When you visit many of these 53 Florida Historic Golf Trail courses, which are as far south as the Key West Golf Club and as far west as the Pensacola Golf Club, you’ll quickly discover that many of the game’s early legends spent a great deal of time, especially during the winter, playing exhibitions, challenge matches, and tournaments on these municipal layouts.  When you play these Florida Historic Golf Trail courses, you will follow in the footsteps of the game’s early superstars – players and architects.

Early Days of Florida Golf

Listed below are a series of events in the early days of Florida golf that can best be described as star-studded moments:

  • In 1925, the Florida Open was held at the Temple Terrace Golf and Country Club, a course designed by Bendelow.  The event was labeled the “Greatest Field of Golfers Ever to Play in Florida.”  Leo Diegel won the tournament.  The head pro/host of the event at Temple Terrace was Barnes, winner of the 1916 and 1919 PGA, 1921 U.S. Open, and 1925 British Open.
  • The Miami Springs Golf and Country Club — designed by Langford and Moreau and known initially as the Miami-Hialeah Golf Course — was the host of the Miami Open from 1925-1955.  Many of the great legends of golf – Sarazen, Hogan, Nelson, Demaret, Snead, Nelson, and Arnold Palmer – played in the Miami Open.  Snead won it six times.  The Miami Open was the site of Palmer’s professional debut.
  • The Fort Myers Country Club, designed by Ross and opened in 1917, has attracted several significant championship golfers such as Hagen, Sarazen, Palmer, Jock Hutchison, Horton Smith, and ‘Babe’ Didrikson Zaharias, the winner of 10 LPGA major championships.
  • The Resort Course at the Boca Raton Resort & Club has had two of golf’s greatest champions serve as golf professionals:  Scotland’s Tommy Armour from 1926 to 1955 and Snead from 1956 to 1969.  By the way, one of Armour’s pupils was Zaharias.
  • The Delray Beach Golf Club, designed by Ross, was the ‘home away from home for LPGA superstar Betty Jameson, the 1947 U.S. Women’s Open champion.
  • The Miami Shores Country Club has hosted many Florida State Open golf tournaments.

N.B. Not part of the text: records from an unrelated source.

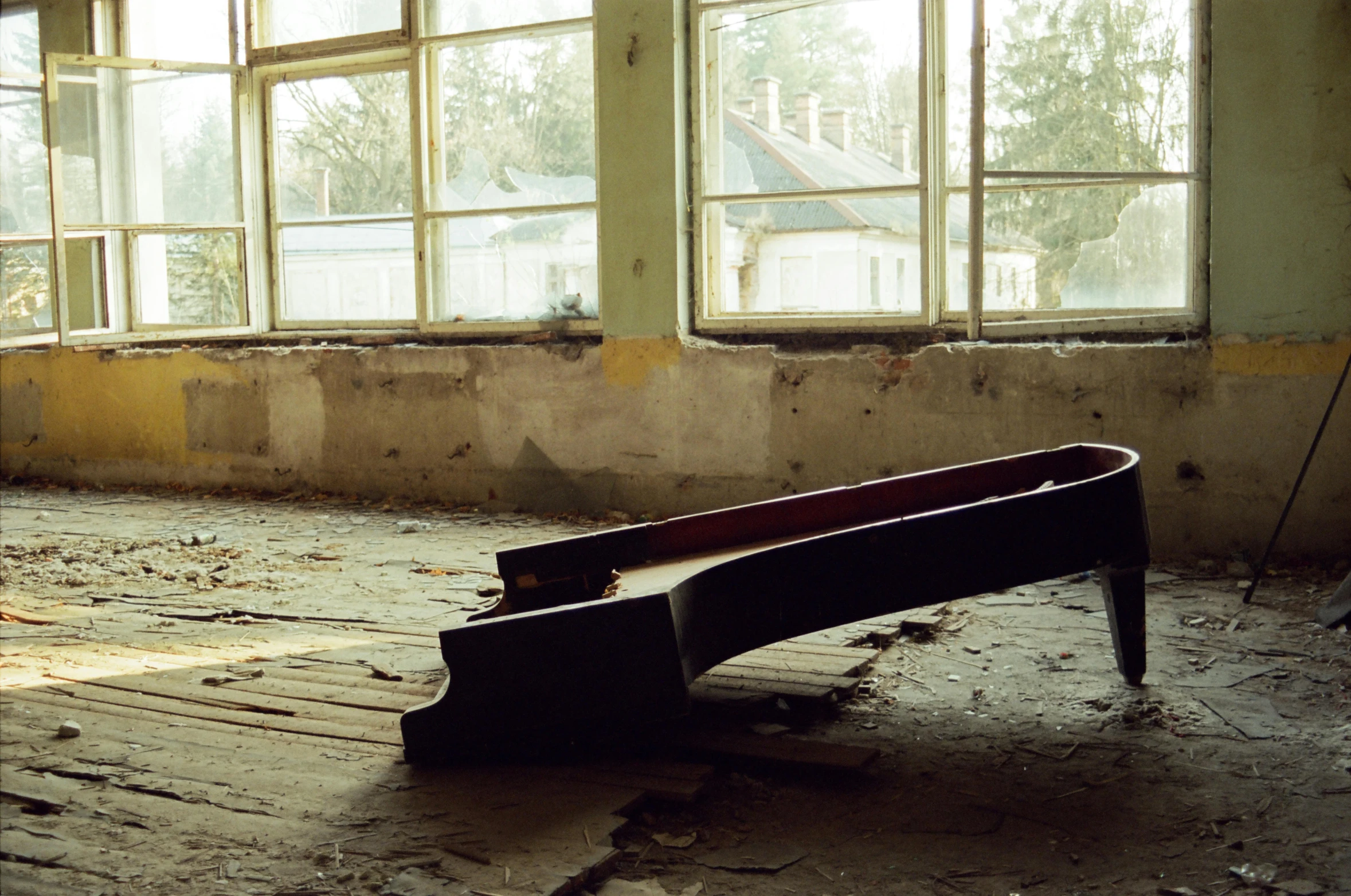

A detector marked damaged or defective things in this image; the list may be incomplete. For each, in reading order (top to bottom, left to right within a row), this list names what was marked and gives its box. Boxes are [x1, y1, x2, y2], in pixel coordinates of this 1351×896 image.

broken window pane [56, 65, 240, 225]
broken window pane [126, 0, 232, 64]
broken window pane [262, 0, 397, 46]
broken window pane [277, 70, 413, 220]
broken window pane [421, 0, 592, 37]
broken window pane [434, 32, 594, 216]
broken window pane [708, 0, 918, 195]
broken window pane [983, 0, 1194, 173]
broken window pane [1, 241, 50, 332]
broken window pane [137, 231, 245, 326]
broken window pane [278, 221, 410, 323]
broken window pane [426, 210, 597, 323]
broken window pane [713, 198, 924, 318]
broken window pane [978, 181, 1189, 311]
broken grand piano case [400, 443, 1151, 762]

It has welcomed many Hall of Fame golfers such as Snead, Palmer, and Lee Trevino, the great entertainer Bob Hope and the late baseball Hall of Famer Joe DiMaggio.

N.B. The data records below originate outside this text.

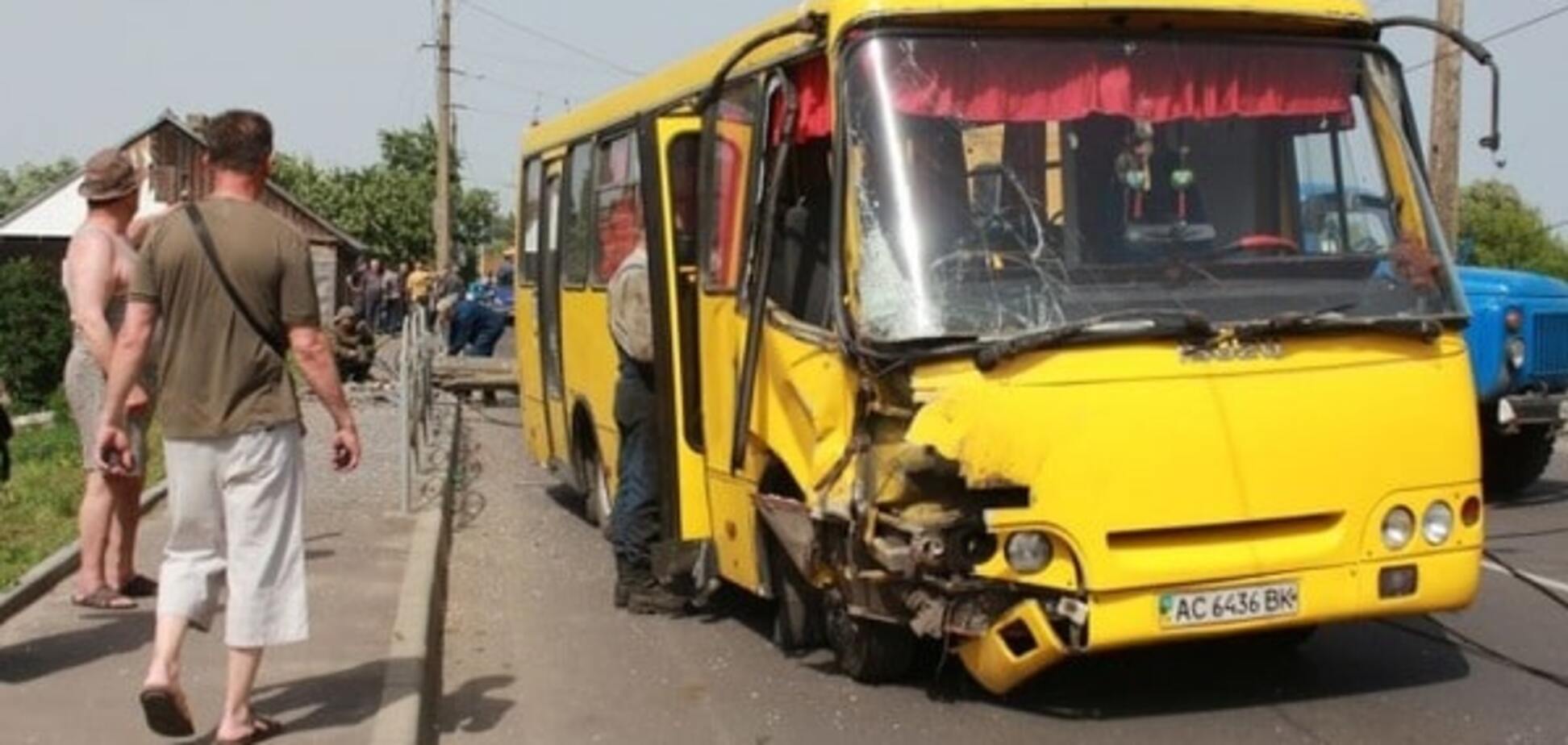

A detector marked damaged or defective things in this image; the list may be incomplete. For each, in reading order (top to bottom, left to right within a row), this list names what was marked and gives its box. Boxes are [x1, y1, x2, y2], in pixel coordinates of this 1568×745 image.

damaged bus front [705, 4, 1499, 699]
cracked windshield [853, 38, 1461, 343]
crumpled hood [909, 335, 1480, 593]
crumpled hood [1455, 266, 1568, 299]
broken bumper [953, 545, 1480, 696]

  • The Riviera Country Club hosts the longest-running mini-tour event in the nation.  It’s The Riviera Open, which began in 1960.  Some of the winners of this annual 36-hole event, held each December, include former PGA Tour regulars J.C. Goosie, Jim Dent, Morris Hatalsky, and Slugger White, a retired, longtime PGA Tour rules official.  Other past and present PGA Tour players who have played in the event include Larry Ziegler and Matt Every, a two-time winner of the Arnold Palmer Invitational at Bay Hill in Orlando who played junior golf at Riviera.